Except as to the amount of dollars, this statute has remained unchanged since it was approved on January 10, 1868. R.S. p. 385, § 57. C.R.S. 1963, 77-3-2 provides for the manner in which a homestead may be created in the office of the county clerk and recorder.

The amendments of 118-3-13 and 118-9-3 in 1973, mentioned above, added the following language to those sections:

“(6) If, at a foreclosure sale by a public trustee, the property is struck and sold for an amount in excess of the expenses of sale and moneys due the beneficiary or legal holder of the indebtedness, the excess moneys shall be paid into the hands of the county treasurer to be held in escrow by him until the end of all redemption periods as provided in sections 118-9-2 and 118-9-3.
“(7) Upon the expiration of all redemption periods as provided in sections 118-9-2 and 118-9-3, if notice of intent to redeem has been duly filed, and if no redemption is made as provided in said sections, the excess moneys shall be paid to the junior lienors in the order of their priority and then to the owner of record as of the day of the foreclosure sale. The public trustee may request proof in the form of an. affidavit establishing the amount due on any junior lienor.
* * * *
“(4) When a lienor redeems property from a foreclosure sale, escrow funds, not to exceed the amount due on such lien, shall be paid to the last person or institution redeeming said property. Moneys in excess of such lien shall be paid to the owner of record as of the day of the foreclosure sale.”

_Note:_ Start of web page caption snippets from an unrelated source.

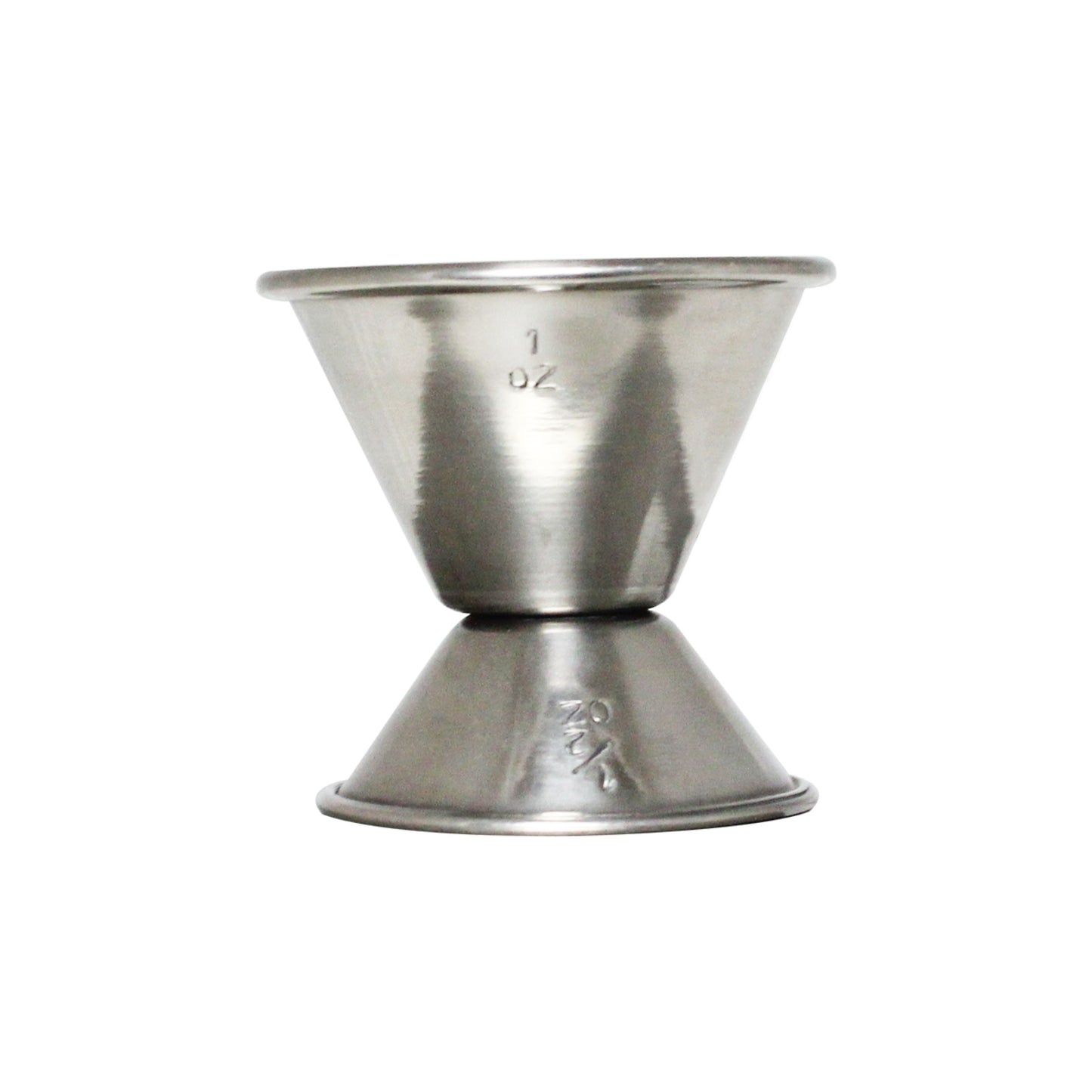 Thunder Group SLJG001 Double Jigger - 1/2 & 1 oz, Stainless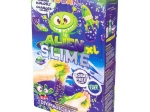 Zestaw Do Robienia Glutów SUPER SLIME ALIEN KOSMICZNY XL ZMIENIAJĄCY KOLOR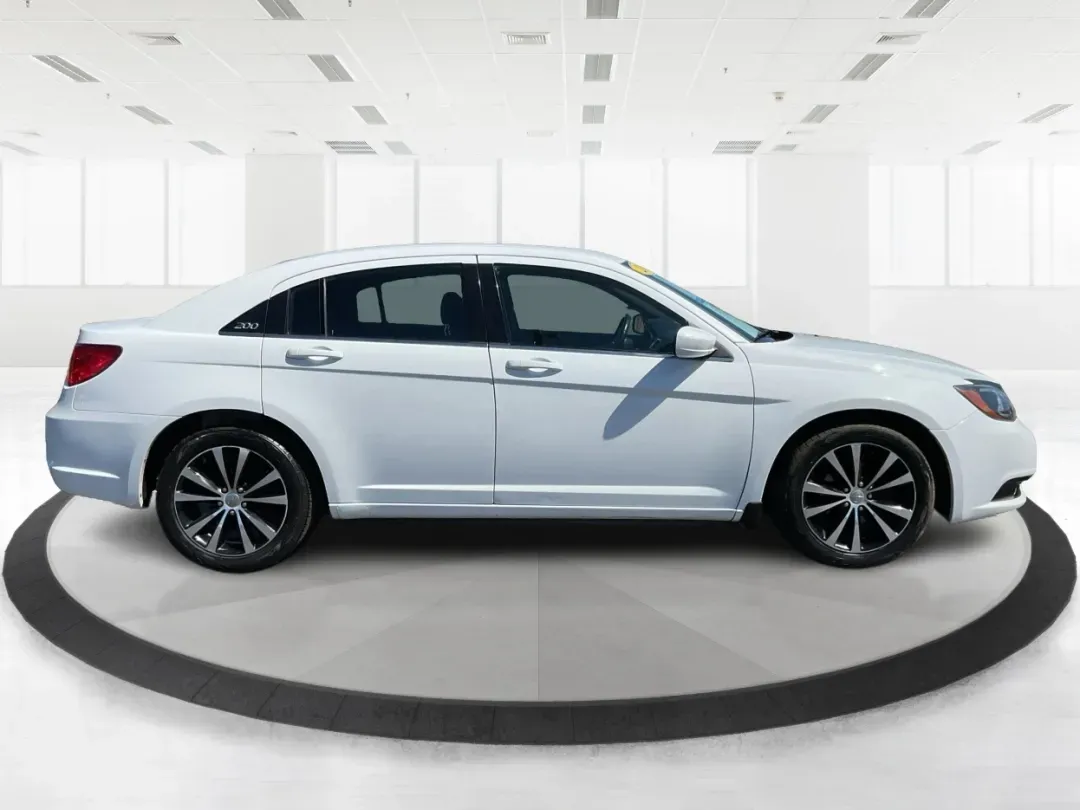 2012 Chrysler 200 Touring (1C3CCBBG4CN) with an Other engine, located at 1099 N County Rd 25A, Troy, OH, 45373, (937) 908-9800, 40.057079, -84.212883 - Unleash your driving potential with the perfect blend of style, comfort, and functionality-ideal for growing families or anyone seeking a reliable commuter vehicle. Introducing the 2012 Chrysler 200 Touring sedan, now available at Advantage Car and Credit in Troy, OH. Located at 1099 N County Rd 25A - Photo#1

In 1894 this Court held, in Weare v. Johnson, 20 Colo. 363, 38 P. 374, that real estate, which had not been subjected specifically to a judgment lien by levy before a homestead was placed thereon, was exempt from execution. To the same effect is the leading case in this jurisdiction on this subject. Sterling National Bank v. Francis, 78 Colo. 204, 240 P. 945 (1925). Other Colorado authorities are cited in the latter opinion.

*214The right of homestead is so precious that, if the General Assembly had intended to overrule Sterling National Bank v. Francis, supra, it would have expressed the new rule in specific language. We hold that the 1973 amendment did not change the rule of Sterling National Bank. By virtue of the homestead, the plaintiff is entitled to the excess. Her homestead rights are superior to the judgment lien.

II.

In addition to the prayer for payment of the excess, the only relief requested by the plaintiff in her complaint was to have the public trustee’s sale declared void because of unconstitutional reasons and to temporarily and preliminarily enjoin the public trustee from issuing a deed. Absent a filing of notice of lis pen-dens of this action prior to the issuance of the deed, the issues relating to the validity of the trustee’s sale became moot after the court denied the temporary injunction. We, therefore, decline to rule upon the constitutional questions.

There are two further reasons for our failure to approach these questions. First, the plaintiff has asked us to rule that she is entitled to the excess money, and we have so ruled. It is inconsistent for her to claim that the sale was void, since her right to the excess is predicated upon a valid sale. Second, we should not be considering the constitutional questions with Boston Federal not before us as a party. It is an indispensable party in any proceedings to declare the sale under its foreclosure to be void.

The judgment is reversed and the cause remanded to the district court with directions to enter judgment in favor of the plaintiff and against Key Realty for $2,374.14, plus interest and costs as may be proper, and to dismiss the complaint insofar as it relates to the constitutional questions.

MR. JUSTICE LEE and MR. JUSTICE HODGES dissent.

MR. JUSTICE ERICKSON does not participate.